Alamo, 78, was was convicted in 2009 of taking five underage girls across state lines for sex in violation of the federal Mann Act and was sentenced to 175 years in prison. He was also fined $250,000 and ordered to pay $500,000 in restitution to each of his accusers, who said Alamo took them to be his “wives” at young ages.
In filings Tuesday in federal court in Fort Smith and Texarkana, prosecutors asked a judge to order the seizure of Alamo’s house at the church complex in Fouke, where they said Alamo forced his accusers to have sex with him.
Other buildings sought by prosecutors include a church gym, where church members were beaten with a board as punishment for misbehavior, and a house at the Fouke complex known as the “house of scorn,” where girls were forced to fast.
In Fort Smith, prosecutors are seeking the seizure of a house on Meadow Lane and a building on Division Street known as the “mechanic’s shop.”
According to an FBI agent’s affidavit filed with prosecutors’ request to seize the buildings, one of Alamo’s accusers in the criminal case told authorities that Alamo repeatedly forced her to have sex in the Meadow Lane house in 1994, when she was 15.
Another former church member told authorities that her stepfather, a ministry member, forced her to have sex with him in the mechanic’s shop, the affidavit says.
Prosecutors are also seeking the seizure of a house on Locust Avenue in Texarkana where the FBI agent said one of Alamo’s accusers told authorities she was forced to fast for a week.
A call late Tuesday to Conner Eldridge, U.S. attorney for the Western District of Arkansas, wasn’t returned.
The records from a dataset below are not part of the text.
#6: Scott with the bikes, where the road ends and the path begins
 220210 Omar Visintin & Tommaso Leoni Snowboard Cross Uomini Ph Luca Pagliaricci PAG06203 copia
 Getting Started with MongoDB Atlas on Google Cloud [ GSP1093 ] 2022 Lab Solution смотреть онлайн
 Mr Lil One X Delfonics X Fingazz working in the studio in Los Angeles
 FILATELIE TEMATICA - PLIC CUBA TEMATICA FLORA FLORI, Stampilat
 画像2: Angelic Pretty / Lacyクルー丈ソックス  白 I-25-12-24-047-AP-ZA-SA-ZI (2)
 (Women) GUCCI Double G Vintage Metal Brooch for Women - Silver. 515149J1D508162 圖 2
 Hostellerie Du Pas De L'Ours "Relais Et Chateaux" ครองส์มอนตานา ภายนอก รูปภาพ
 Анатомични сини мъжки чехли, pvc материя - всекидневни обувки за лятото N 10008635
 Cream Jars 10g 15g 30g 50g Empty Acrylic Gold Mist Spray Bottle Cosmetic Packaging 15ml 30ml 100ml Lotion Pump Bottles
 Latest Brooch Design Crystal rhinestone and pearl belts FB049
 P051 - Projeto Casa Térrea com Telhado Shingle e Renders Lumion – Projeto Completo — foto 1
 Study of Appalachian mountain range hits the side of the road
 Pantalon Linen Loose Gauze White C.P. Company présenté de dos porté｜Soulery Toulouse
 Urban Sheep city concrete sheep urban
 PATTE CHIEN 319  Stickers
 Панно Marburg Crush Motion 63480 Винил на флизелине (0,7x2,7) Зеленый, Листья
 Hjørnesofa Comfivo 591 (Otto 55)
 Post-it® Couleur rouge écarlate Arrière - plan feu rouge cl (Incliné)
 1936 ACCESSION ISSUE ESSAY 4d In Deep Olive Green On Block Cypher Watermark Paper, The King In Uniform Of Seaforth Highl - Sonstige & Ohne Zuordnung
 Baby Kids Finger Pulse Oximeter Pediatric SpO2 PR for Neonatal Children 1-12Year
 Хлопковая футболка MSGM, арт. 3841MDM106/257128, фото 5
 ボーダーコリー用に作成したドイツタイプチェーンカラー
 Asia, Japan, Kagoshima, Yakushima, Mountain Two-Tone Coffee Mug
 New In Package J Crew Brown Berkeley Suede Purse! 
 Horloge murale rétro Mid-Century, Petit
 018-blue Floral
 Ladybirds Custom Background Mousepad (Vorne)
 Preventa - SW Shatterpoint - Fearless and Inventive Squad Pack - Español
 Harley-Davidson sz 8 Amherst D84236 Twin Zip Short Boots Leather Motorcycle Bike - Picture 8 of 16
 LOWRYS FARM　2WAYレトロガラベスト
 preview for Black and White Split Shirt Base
Alamo’s attorney, John Rogers of Clayton, Mo., also didn’t return a call seeking comment.
The request by prosecutors comes as attorneys for two former ministry members are seeking the seizure of five other ministry buildings and a parking lot in Fort Smith to satisfy a $30 million judgment in a lawsuit against Alamo.
Spencer Ondrisek and Seth Calagna said in the lawsuit that Alamo ordered them to be beaten and to fast while they were children and members of the ministry.
A hearing of the request by Ondrisek and Calagna is set for May 30 in U.S. District Court in Texarkana.